Start of EXERCISE DATA
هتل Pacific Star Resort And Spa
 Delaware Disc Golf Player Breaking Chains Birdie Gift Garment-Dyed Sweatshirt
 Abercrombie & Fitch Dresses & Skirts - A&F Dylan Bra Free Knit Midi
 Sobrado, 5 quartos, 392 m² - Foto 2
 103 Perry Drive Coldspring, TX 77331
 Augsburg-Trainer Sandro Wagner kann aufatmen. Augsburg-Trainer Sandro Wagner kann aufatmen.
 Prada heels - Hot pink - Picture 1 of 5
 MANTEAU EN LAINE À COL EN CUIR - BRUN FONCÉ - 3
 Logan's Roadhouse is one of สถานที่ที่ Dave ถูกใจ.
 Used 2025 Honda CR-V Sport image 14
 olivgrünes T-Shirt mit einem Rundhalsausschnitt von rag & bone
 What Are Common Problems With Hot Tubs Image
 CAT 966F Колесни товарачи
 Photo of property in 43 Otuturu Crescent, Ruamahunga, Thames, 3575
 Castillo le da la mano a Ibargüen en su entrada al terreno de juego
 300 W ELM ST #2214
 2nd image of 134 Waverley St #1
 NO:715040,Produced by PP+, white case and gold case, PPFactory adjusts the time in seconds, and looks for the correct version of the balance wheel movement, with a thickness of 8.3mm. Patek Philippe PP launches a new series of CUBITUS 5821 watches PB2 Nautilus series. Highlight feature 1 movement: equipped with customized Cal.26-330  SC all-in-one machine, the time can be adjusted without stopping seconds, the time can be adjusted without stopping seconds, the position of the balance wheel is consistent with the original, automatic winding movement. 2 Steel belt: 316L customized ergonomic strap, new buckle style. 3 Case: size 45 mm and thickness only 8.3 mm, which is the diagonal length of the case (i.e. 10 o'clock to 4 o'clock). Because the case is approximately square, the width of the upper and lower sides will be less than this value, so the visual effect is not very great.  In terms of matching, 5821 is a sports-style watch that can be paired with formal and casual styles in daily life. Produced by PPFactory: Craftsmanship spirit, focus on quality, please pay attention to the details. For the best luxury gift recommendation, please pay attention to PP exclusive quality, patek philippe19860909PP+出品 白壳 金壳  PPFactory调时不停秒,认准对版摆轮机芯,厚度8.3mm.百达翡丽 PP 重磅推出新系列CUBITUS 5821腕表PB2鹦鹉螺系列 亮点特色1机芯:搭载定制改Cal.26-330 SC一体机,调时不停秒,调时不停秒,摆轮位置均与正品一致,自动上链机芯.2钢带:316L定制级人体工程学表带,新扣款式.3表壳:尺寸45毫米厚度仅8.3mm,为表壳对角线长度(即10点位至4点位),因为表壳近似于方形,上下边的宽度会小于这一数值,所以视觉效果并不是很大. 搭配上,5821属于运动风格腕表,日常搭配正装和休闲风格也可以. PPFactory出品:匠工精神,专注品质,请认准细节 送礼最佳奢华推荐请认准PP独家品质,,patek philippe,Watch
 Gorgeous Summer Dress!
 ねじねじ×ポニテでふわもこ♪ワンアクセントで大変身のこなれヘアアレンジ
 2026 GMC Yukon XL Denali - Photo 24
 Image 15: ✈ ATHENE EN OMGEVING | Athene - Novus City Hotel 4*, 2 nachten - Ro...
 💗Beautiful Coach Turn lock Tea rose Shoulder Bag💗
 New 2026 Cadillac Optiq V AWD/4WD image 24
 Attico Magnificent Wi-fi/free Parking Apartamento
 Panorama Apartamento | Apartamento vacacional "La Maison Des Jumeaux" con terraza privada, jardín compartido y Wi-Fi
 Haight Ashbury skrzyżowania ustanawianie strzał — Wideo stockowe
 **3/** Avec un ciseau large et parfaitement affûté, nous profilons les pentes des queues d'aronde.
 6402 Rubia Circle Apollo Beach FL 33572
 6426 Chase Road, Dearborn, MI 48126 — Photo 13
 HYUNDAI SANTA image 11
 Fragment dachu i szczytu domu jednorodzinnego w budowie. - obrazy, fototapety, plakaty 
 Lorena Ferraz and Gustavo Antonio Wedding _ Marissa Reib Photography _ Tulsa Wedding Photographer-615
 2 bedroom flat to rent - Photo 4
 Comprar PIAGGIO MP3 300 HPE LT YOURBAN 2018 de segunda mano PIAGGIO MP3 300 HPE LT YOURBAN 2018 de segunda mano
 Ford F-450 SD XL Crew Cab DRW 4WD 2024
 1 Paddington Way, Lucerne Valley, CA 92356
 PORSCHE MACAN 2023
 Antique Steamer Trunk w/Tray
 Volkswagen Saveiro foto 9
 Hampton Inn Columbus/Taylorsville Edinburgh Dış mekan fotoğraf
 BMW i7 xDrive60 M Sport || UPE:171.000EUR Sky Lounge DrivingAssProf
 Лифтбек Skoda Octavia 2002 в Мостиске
End of EXERCISE DATA
- _WHAT TO DO_
A complete answer gives every line of the data that includes "Apartamento".

- _OUTPUT OF THE EXERCISE_
 Attico Magnificent Wi-fi/free Parking Apartamento
 Panorama Apartamento | Apartamento vacacional "La Maison Des Jumeaux" con terraza privada, jardín compartido y Wi-Fi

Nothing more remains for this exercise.